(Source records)
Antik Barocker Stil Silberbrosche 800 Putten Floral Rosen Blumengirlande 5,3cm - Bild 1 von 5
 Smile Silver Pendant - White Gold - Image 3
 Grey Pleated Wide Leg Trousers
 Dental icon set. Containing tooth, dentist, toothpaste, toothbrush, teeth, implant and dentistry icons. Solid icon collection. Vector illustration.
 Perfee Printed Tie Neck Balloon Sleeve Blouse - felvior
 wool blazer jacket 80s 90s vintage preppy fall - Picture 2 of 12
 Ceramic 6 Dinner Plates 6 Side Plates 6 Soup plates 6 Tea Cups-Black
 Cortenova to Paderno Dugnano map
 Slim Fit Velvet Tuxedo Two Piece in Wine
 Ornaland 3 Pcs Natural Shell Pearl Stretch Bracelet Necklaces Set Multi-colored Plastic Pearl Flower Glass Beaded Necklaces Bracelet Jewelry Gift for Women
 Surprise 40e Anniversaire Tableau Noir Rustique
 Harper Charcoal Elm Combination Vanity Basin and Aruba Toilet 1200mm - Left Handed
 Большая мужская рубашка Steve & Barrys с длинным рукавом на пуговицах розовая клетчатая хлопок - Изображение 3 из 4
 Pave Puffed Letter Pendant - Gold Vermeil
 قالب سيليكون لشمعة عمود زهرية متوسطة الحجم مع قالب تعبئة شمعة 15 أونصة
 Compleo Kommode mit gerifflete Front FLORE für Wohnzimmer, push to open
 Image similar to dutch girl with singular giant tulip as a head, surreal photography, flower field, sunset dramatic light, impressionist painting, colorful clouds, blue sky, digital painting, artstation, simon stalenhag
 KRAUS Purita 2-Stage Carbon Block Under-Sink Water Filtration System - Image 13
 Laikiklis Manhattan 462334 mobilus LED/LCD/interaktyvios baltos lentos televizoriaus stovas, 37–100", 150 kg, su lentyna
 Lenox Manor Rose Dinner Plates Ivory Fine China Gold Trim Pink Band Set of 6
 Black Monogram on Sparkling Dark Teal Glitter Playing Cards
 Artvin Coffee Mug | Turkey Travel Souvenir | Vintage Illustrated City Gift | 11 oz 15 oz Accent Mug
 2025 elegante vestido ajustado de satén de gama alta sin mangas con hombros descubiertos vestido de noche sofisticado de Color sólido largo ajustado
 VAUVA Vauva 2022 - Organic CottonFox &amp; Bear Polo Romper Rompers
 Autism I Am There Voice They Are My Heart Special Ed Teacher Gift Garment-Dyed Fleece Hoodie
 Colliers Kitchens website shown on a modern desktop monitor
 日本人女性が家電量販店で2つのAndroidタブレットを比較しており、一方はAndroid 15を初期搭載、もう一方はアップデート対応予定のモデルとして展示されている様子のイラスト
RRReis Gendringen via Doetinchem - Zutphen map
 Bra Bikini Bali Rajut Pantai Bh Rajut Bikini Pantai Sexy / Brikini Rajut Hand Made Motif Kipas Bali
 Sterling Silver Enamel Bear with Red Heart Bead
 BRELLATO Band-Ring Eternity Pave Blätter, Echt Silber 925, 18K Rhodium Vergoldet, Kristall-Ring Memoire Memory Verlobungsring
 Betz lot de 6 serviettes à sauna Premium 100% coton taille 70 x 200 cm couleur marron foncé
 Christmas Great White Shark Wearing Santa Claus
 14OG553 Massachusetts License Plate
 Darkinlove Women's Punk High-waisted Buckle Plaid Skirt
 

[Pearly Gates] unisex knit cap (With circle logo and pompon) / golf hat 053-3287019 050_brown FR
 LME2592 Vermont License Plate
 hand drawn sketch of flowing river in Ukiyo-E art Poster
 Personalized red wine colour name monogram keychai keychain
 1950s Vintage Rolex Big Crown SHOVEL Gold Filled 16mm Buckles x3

**Work order:** What is asked for is an exact copy of the lines above from the one containing "Cortenova to Paderno Dugnano map" through the one containing "Ornaland 3 Pcs", and only those.

**Written solution:**
 Cortenova to Paderno Dugnano map
 Slim Fit Velvet Tuxedo Two Piece in Wine
 Ornaland 3 Pcs Natural Shell Pearl Stretch Bracelet Necklaces Set Multi-colored Plastic Pearl Flower Glass Beaded Necklaces Bracelet Jewelry Gift for Women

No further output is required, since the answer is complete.